Statistics 242 -- Applied Regression Analysis
Lab 2
Simple Linear regression analysis is built on the assumptions of
linearity, constant variances, independence, and normality. While we
won't discuss independence now, in this lab/HW we will focus on ways to
examine these other assumptions using graphical displays.
Topics
- Residual Plots
- residuals versus fitted values
- residuals versus explanatory variable
- Normal Probability Plots or Normal Quantile plots of residuals
- R^2
- ANOVA Tables
- The Regression ANOVA TABLE
- The ONE-WAY Analysis of Variance ANOVA TABLE
- Combining the above for a LACK of FIT TEST
Assignment
- Work thru all the Conceptual Exercises in Chapter 8 (Do not turn
in)
- Problem 17, Chapter 8. Verify that the fit is OK using the
residual and normal probability plots.
- Problem 21, Chapter 8.
General Hints for Obtaining Output Related to Chapter 8
To obtain the regression ANOVA table and to save the residuals and
fitted values, create the regression:
Select Regression from the Statistics Menu. Enter the
model formula (remember it has the form y ~ x
From the Regression Dialog,
select the Results tab and check the box for ANOVA table,
residuals and Fitted Values; specify the
dataframe name to save the results.
For residual plots, in the
Regression dialog, select the Plot tab. Click the boxes for
"Residual vs Fit" and "Residual Normal QQ". When you do the
regression, these plots will be created.
For the plot of residuals
versus explanatory variables, you will need to use the Graph main menu
to create the 2-D scatter plot. After you fit the regression, the
variables will be created. Select the Graph menu, then 2D Plot, and
scatter plot. Put the X variable on the x-axis and the residuals on the
y-axis. For Simple linear regression, this is not necessary, as the same
info is in the residuals vs fitted values plot. Note: if you refit the
model and save the residuals and fitted values everytime, the variables
will saveed in other columns, but may not have the correct names. The
best approach maybe to create a new dataframe for the output.
Lack of Fit Test
If you want to do a Lack of Fit test, make sure that you have
observations with replicates of the explanatory variable. To obtain the
pure error sum of squares, you will need to obtain the ANOVA table from
fitting the linear regression AND the ANOVA table from fitting a One-Way
ANOVA model. To obtain the One-Way ANOVA table, select Analysis of
Variance from the Statistics menu, then select Fixed
Effects. Select the dataframe, and then create the model formula.

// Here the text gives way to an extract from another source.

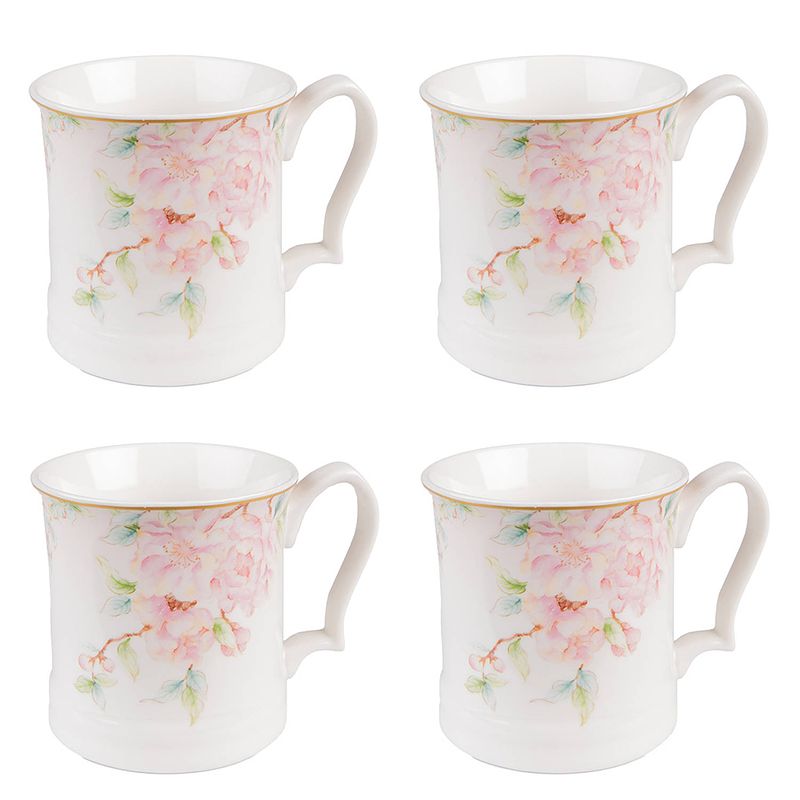 Foto van Haes deco - mokken set van 4 - 13x9x9 cm / 414 ml - met bloemen - blooming peony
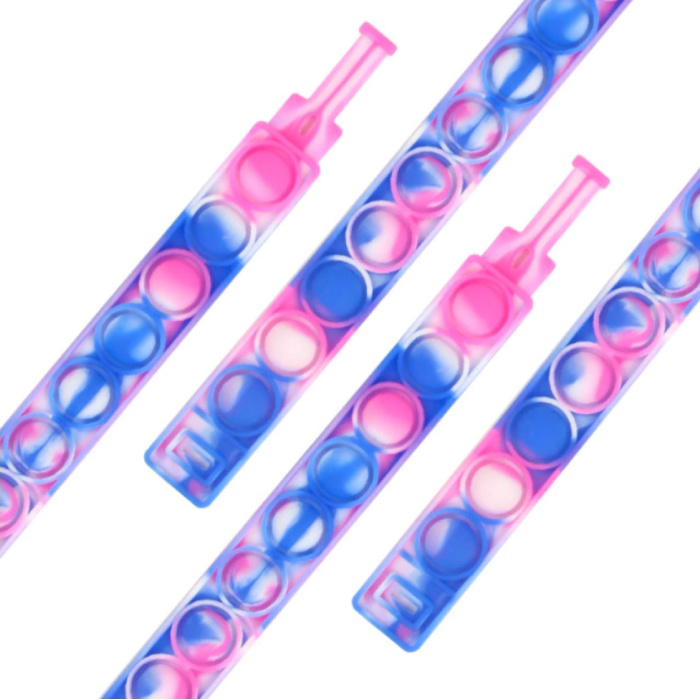 Pop It Armband - Fidget Anti Stress Speelgoed Bubble Toy Siliconen Roze-Blauw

For example, in the lack of fit test for 8.16 covered in class, you
would type in the
model as ph ~ as.factor(time) (rather than using the create
formula). The function as.factor converts the explanatory
variable time into a "grouping
variable" or "factor" with a
discrete number of levels (6 in this case); one level for each time
point, with 2 replicates at each point in time.
The actual values of "time" do not
enter into the picture at all in the One-Way Anova when you use
as.factor(time).
The Residual Sum of Squares from the
One-way ANOVA table is the Pure error sum of squares for the lack of fit
test, and the associated df's are the pure error degrees of freedom.
Hints for HW Problems
Exercise 8.17
- Download and read in the datafile Ex0817.asc.
- Use Transform under the Data menu to create all of
the new variables such as log(mass), sqrt(mass), 1/mass, sqrt(load),
etc. In S-Plus 4.5, if you click on the "Apply" button, it will create
the transformation without leaving the dialog box. You can then enter
in the name and expression for a new transformation, click "Apply",
repeat, so that you do not have to repeatly bring up the dialog box.
- To do multiple scatter plots within one graph, Select 2D, and
scatterplot as you have done
before. To add additional
graphs, make sure that you use the same Graph
Sheet, i.e. GS1, as used in the previous graph (scroll down to get it,
rather than starting a new graph sheet). Select 2D and Scatterplot with
the next set of variables. Repeat until you have all of the plots you
want. You can change some aspects of the layout using the Format menu
by selecting Arrange Graphs, and then specifying how many to go across a
page. Another approach all together is to use Graph, 2D, and select
Matrix. Do this on a new graph sheet. In the
dialog box in ONLY the X-columns, give the names of all columns that you
want to plot separated by commas and a space.
This will create a table of plots of all variables against each other.
As this contains some plots that you may not care about, the former method
is better for formal presentation, however this may be faster to produce
:-)
For more fun try, Brush and
Spin under the Graph Menu. This is useful for detecting outliers.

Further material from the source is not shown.